I cappi di un’algida Lady Vendetta si stringono fino a strozzare i carnefici della figlioletta. Il plot, non nuovo per il cinema orientale, vedi Park Chan-Wook, e topico della letteratura di ogni tempo, si evolve qui con stile e audacia narrativa di livello assoluto. A partire dalla triplice fotografia funzionale al racconto di volta in volta fredda, satura o polarizzata, utilizzata per raccontare, ricordare e commentare la complessa vicenda.

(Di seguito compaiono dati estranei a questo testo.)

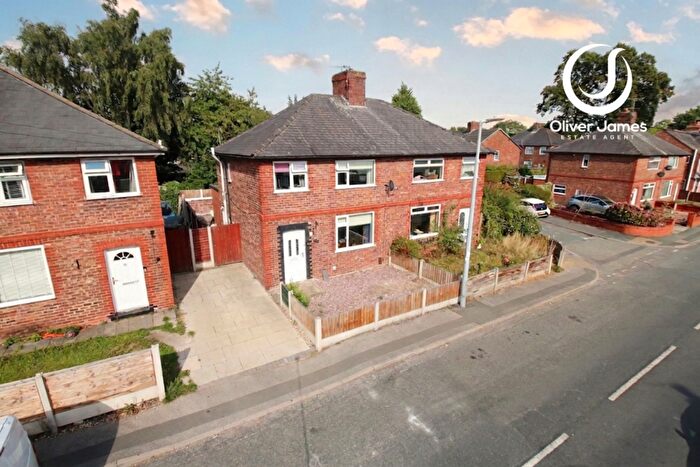 3 Bedroom Semi-Detached House For Sale In Fir Street, Cadishead, M44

Il montaggio spiazza e confonde, per risolversi in un finale definitivo e catartico al tempo stesso, e anche in questo caso si connota di stili altrettanto legati al rispettivo livello narrativo: del presente, con ralenty ipnotici e fin troppo ‘discorsivi’, accelerazioni da videoclip nei frequenti flashback chiarificatori e in inquadrature fisse o talvolta iperrealiste (anche riprese all’indietro) utilizzate per descrivere attimi rivelatori e sfumature fondamentali alla comprensione della storia.
La storia, dicevamo, è la vera protagonista del film di Nakashima, un intenso giallo psicanalitico che affonda le sue radici nel Giappone “sociale” contemporaneo fatto di legami familiari assenti o a dir poco problematici, come tutta la storia del cinema del Sol Levante ci ha abituato a raccontare (da Ozu ai contemporanei Sion Siono e Takashi Miike).
L’altro grande tema è quello della scuola e delle sue problematiche fatte di mondi paralleli di adulti e adolescenti che non hanno più basi comunicative comuni e che producono mostri pronti forse al carrierismo cannibalistico proprio del Giappone contemporaneo ma che lasciano per strada morti e feriti sia tra gli allievi che tra gli insegnanti.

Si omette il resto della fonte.